_Your goal_: Could you retype the lines below, starting at the line holding "Scale - Two-room apartment Via Caravaggio" and stopping at the line holding "18, Comiso - photo 11", inclusive? Copy them exactly and drop the images.

_Data section_:
= = =

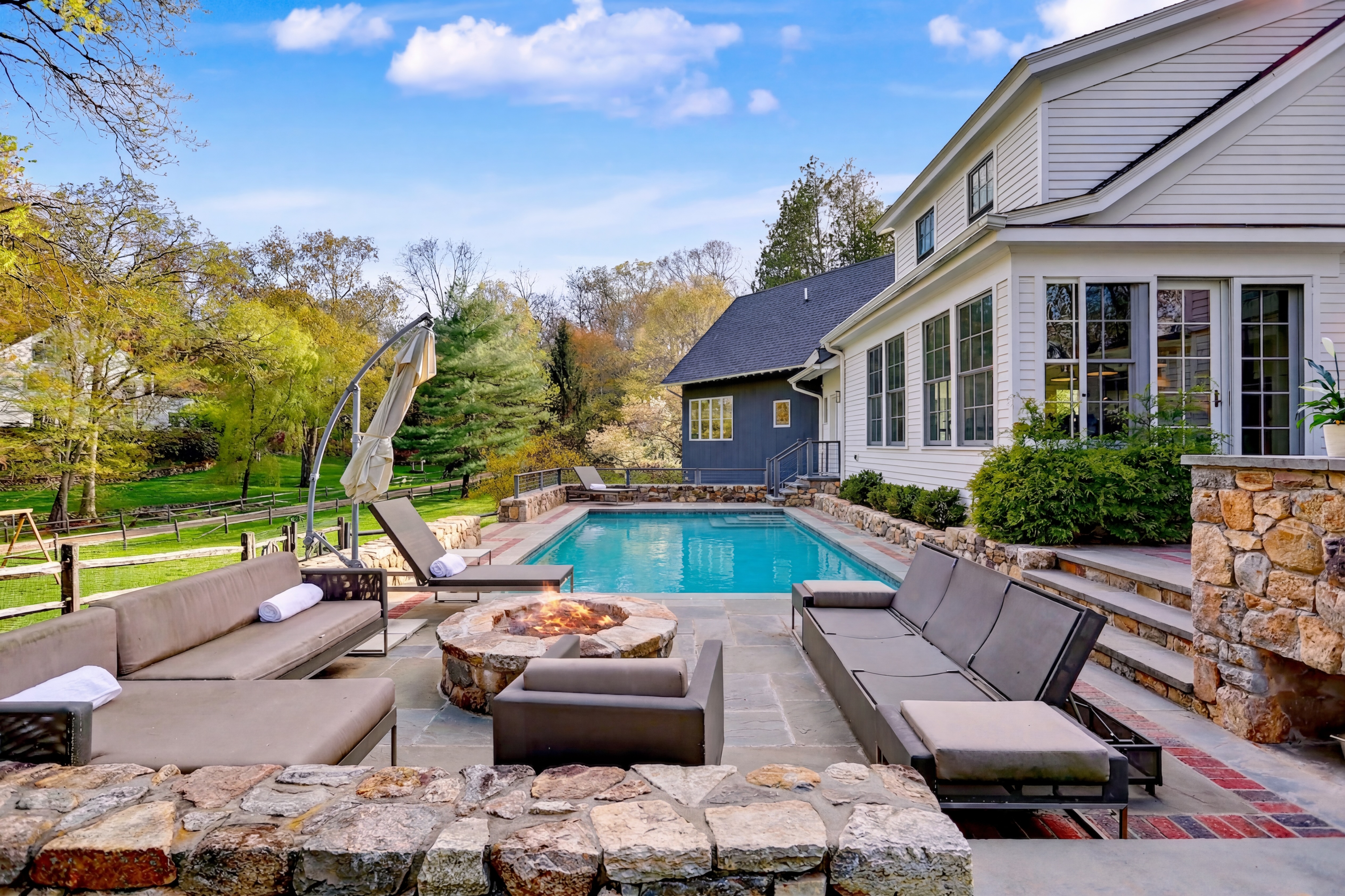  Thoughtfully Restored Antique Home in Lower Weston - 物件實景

= = =

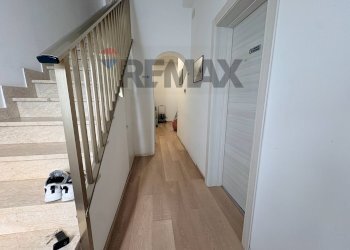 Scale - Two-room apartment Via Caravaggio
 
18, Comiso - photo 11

= = =

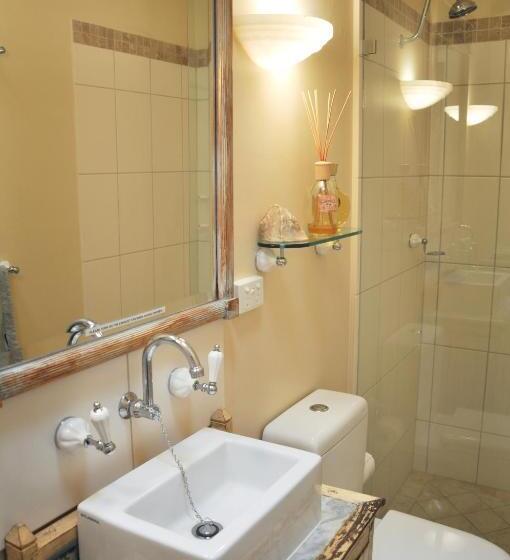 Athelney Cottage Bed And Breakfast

= = =

_Completed task_:
 Scale - Two-room apartment Via Caravaggio
 
18, Comiso - photo 11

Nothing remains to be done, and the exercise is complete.